Sebelum gempa tahun 1917, Nieuwenkamp dan sepedanya digambarkan ”realis”. Setelah pemugaran, relief seorang bersepeda itu masih dipertahankan. Namun, setelah tahun 1937 hingga kini masih kita bisa lihat, sepeda dan pengendaranya sudah ”di-Balikan”. Roda sepeda tidak lagi direliefkan dengan ban karet dan berjeruji besi. Tapi, roda belakang telah diubah menjadi bermotif bunga oleh pemugarnya. Ban depan telah diganti dengan ukiran Cakra, jeruji dalamnya diganti dengan Trisula. Orang yang mengendarainya, yang sebelumnya berpakaian nampak asing, telah diganti busananya dengan pakaian Bali, dengan udeng dan kamen.

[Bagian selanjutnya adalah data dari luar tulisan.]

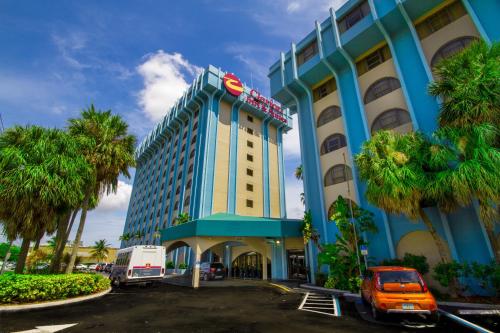迈阿密迈阿密国际机场克拉里奥套房酒店的拥有蓝色建筑和棕榈树的酒店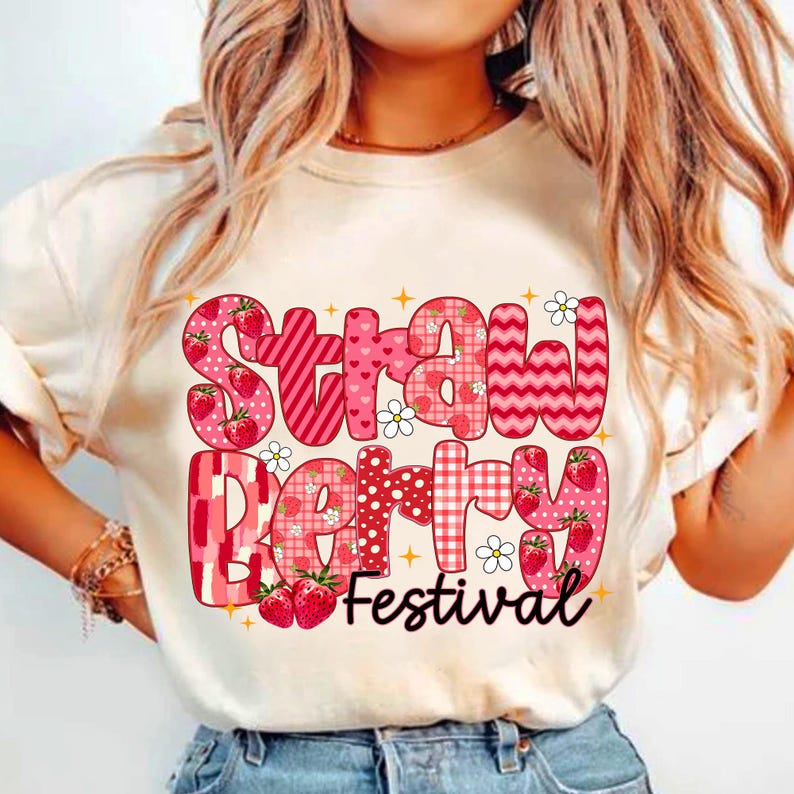 May include: White t-shirt with a pink and red graphic that says "Strawberry Festival". The graphic is made up of different patterns and includes strawberries.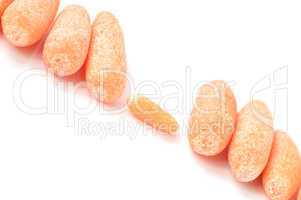 Baby carrots on a white background
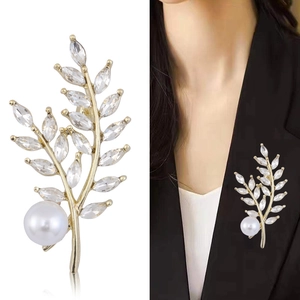 Elegante spilla a spiga di grano dorata con cristalli marquise e perla su blazer nero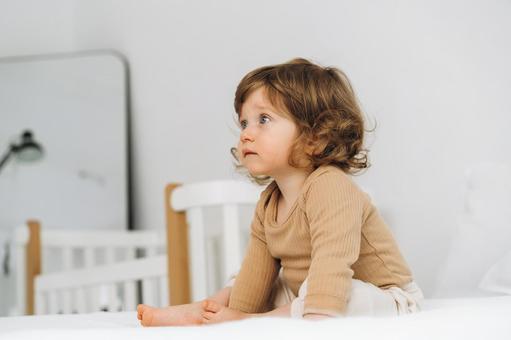 お座りするくせ毛の子供の横顔 お座りするくせ毛の子供の横顔 赤ちゃん,かわいい,お座りの写真素材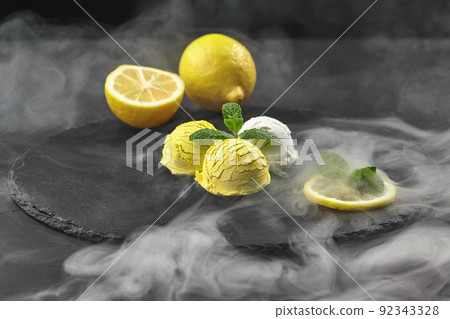 Tasty creamy and citrus lemon ice cream decorated with mint served on a stone slate over a black background. 92343328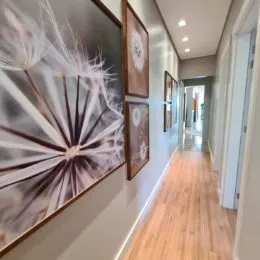 Foto de um corredor interno com piso de madeira e parede branca.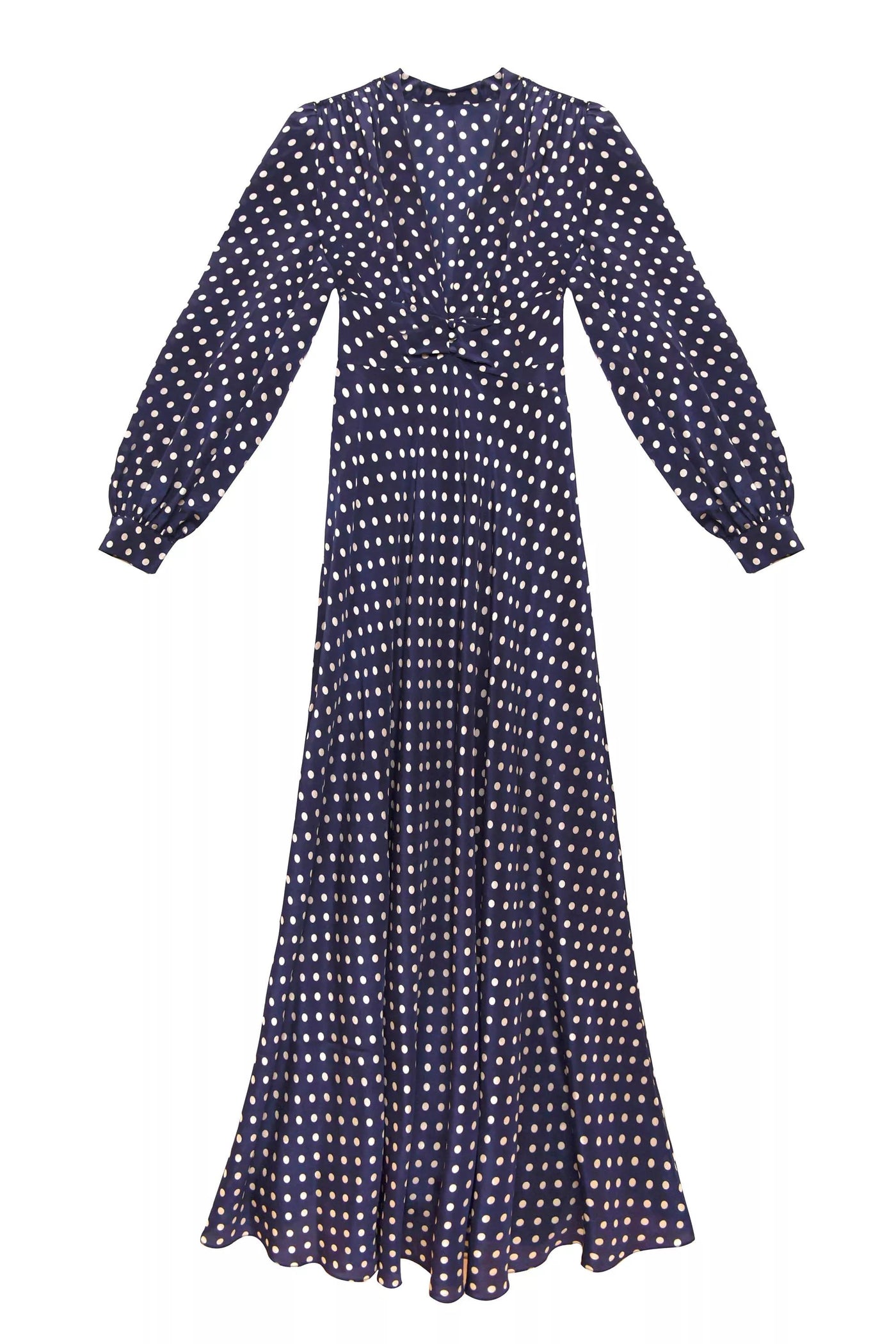 The Emory - Runway Spot Navy is a long-sleeved, floor-length dress with a fitted waist, featuring classic white polka dots on a navy background.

Apa yang bisa kita lihat dari peristiwa gempa atau gentuh gumi 1917?
Dari cerita-cerita yang saya dengar dari almarhum kakek dan beberapa data sejarah yang sempat saya kumpulkan, banyak hal yang bisa kita pelajari dari gempa bumi tahun 1917. Antara lain :
1. Pura-Pura dan bangunan-bangunan banyak harus dipugar.
2. Beberapa unsur bangunan atau pura lenyap tak berbekas (tak dibangun kembali atau tak mungkin lagi dikembalikan seperti semula).
3. Yang mengalami pemugaran-pemugaran mengalami penyesuaian-penyesuaian ketinggian dan pertimbangan arsitektural yang nampaknya sangat mempertimbangkan kekuatan untuk menahan guncangan. Barangkali mereka telah memprediksikan bahwa gempa susulan akan datang pada tahun-tahun selanjutnya. Dan ini terbukti benar. Di tahun 1976, ketika gempa dasyat kembali mengguncang Seririt, menurut cerita Bapak Made Sanggra (penyair sepuh Bali) yang menjadi relawan kemanusiaan ketika itu, hanya bangunan Padmasana yang masih berdiri di kota kecil itu. (Selanjutnya kesaksian itu beliau tulis dalam bentuk sebuah puisi Bali, dalam antologi puisi Bali ”Kidung Republik”).
4. Dari Pura Meduwekarang, kita bisa melihat apa yang ”asing” di ”Bali-kan”. Relief bersepeda itu, yang merupakan bukti keberanian orang-orang Utara untuk memasukkan unsur ”profan” ke wilayah/ruang spiritual (pura), tidak dihilangkan ketika pembongkaran pura itu. Relief itu dipertahankan. Namun, secara estetika dan nilai, relief sepeda itu digugat dan didekonstruksi.
Gentuh Teknologi
Dari apa yang dimunculkan sebagai akibat Bom Bali 2002 dan Gentuh Gumi 1917, yaitu terguncangnya bumi (sekala dan niskala) dan terguncangnya tatanan spiritual dan psikologi masyarakat Bali, maka kita mesti belajar dari peristiwa 1917 itu.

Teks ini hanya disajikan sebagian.